Property insurance rates have been on the rise, and it doesn’t look like that will end any time soon.

“On average, we’ve been seeing 30% to 50% increases, and I do not see any trend in the future that is going to change that,” says John Gardner, owner/president of Lee County Insurance Agency.

A major reason for those increases is the cost of litigation over roofing replacement claims. Florida Insurance Commissioner David Altmaier outlined some eye-opening stats in an April 2 letter to Florida Rep. Blaise Ingoglia, chair of the state’s commerce committee.

Using data from the National Association of Insurance Commissioners’ Market Conduct Annual Statement, Altmaier’s office found that Florida accounted for just over 8% of all U.S. homeowners’ claims in 2019. But more than 76% of all homeowner lawsuits opened against insurance companies in the country were in Florida. And that ratio has been pretty similar since 2016.

By now, everyone’s heard stories about roofing contractors who knock on homeowners’ doors to sell them a roof replacement fully paid for by their insurance company. However, many homeowners don’t realize that those contractors are working in tandem with an attorney who files a lawsuit to collect. That problem’s not going to go away “until we get relief as an industry … and get the lawyers to dip their toe into someone else’s pond,” says Gardner.

During the 2021 legislative session, the Florida Legislature did pass SB 76, which Gov. DeSantis signed into law. That bill included provisions making it illegal for roofing contractors or someone acting on their behalf to use forms of “prohibited advertisement” to solicit claims or to offer anything of value, such as gift cards, to perform roof inspections or file claims.

But Gardner said the bill was a watered-down version of what was originally discussed. And after a Florida roofing company challenged the “prohibited advertisement” portion of the law as a violation of free speech, a federal judge blocked the state from enforcing that part of the law in July. So questions remain as to the true effect the law will have on the insurance industry.

Even if the law does have an impact, it will take some time before that’s felt. “Everyone says it would be 18 to 24 months before we start to see any relief,” says Andrea Pelletier, client adviser, private risk services at Gulfshore Insurance. “We could see some more rate increases up to another two years. I really think people need to be budgeting. Be aware of the fact that rates are probably still going to go up, and budget accordingly for that.”

Andrea Pelletier

Gardner’s also been seeing rate increases of about 30% for business property insurance. And the Surfside condo collapse will likely have a major influence on the commercial residential insurance market. “We’re not going to know the repercussions of that until we figure out exactly what happened,” says Gardner.

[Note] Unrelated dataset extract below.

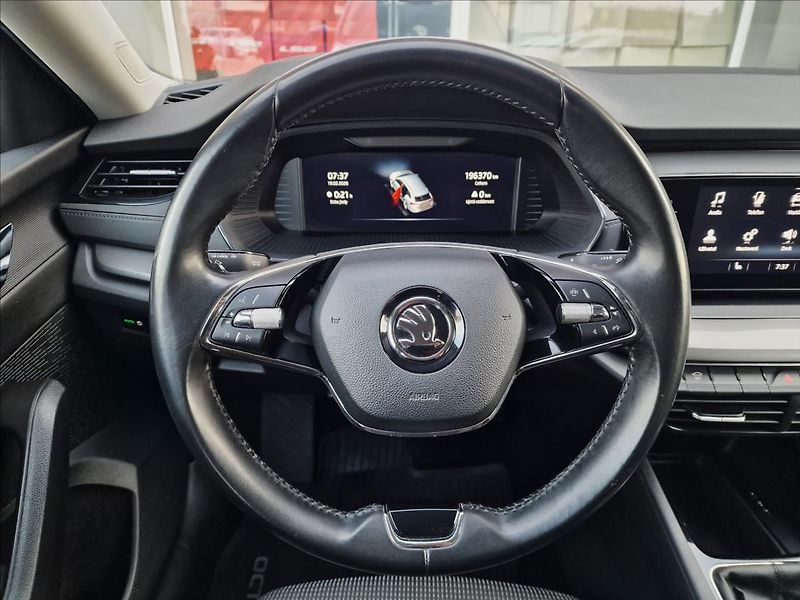 Škoda Octavia 2.0TDI,původ ČR,1.Maj,2x kola - fotka 21 z 50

So what should a business or homeowner be doing right now? Keep in touch with your agent and let them know if you’ve made any improvements to your property that could affect your bill. “A lot of folks had roof replacements or made home improvements like getting high-impact-rated windows or shutters,” says Pelletier. “Those things are going to help manage the cost.”

Now’s not the time to shop around, even if you’re hit with an increase from your current insurance provider. “If your policy is offered as a renewal, you really need to take it,” says Gardner.

And be kind to your agent, who’s not happy with the current situation either. “Agents are just scrambling to take care of their existing customers,” says Gardner. “But it’s not the agents’ fault; we just, unfortunately are the bearer of bad news sometimes.”

 

A FLOOD OF CHANGES?

FEMA is updating the methodology used to set pricing for the National Flood Insurance Program, so expect to see some rate changes there, too. Rates will rise in some cases, but not everyone is expected to see increases.

“One thing that will be part of the rating criteria is that properties are going to be rated based on the value of the home, which FEMA has not done before,” says Pelletier. “So higher-value properties are going to pay more for the same coverage.”

The new rates go into effect Oct. 1 for new policies and existing policies eligible for renewal.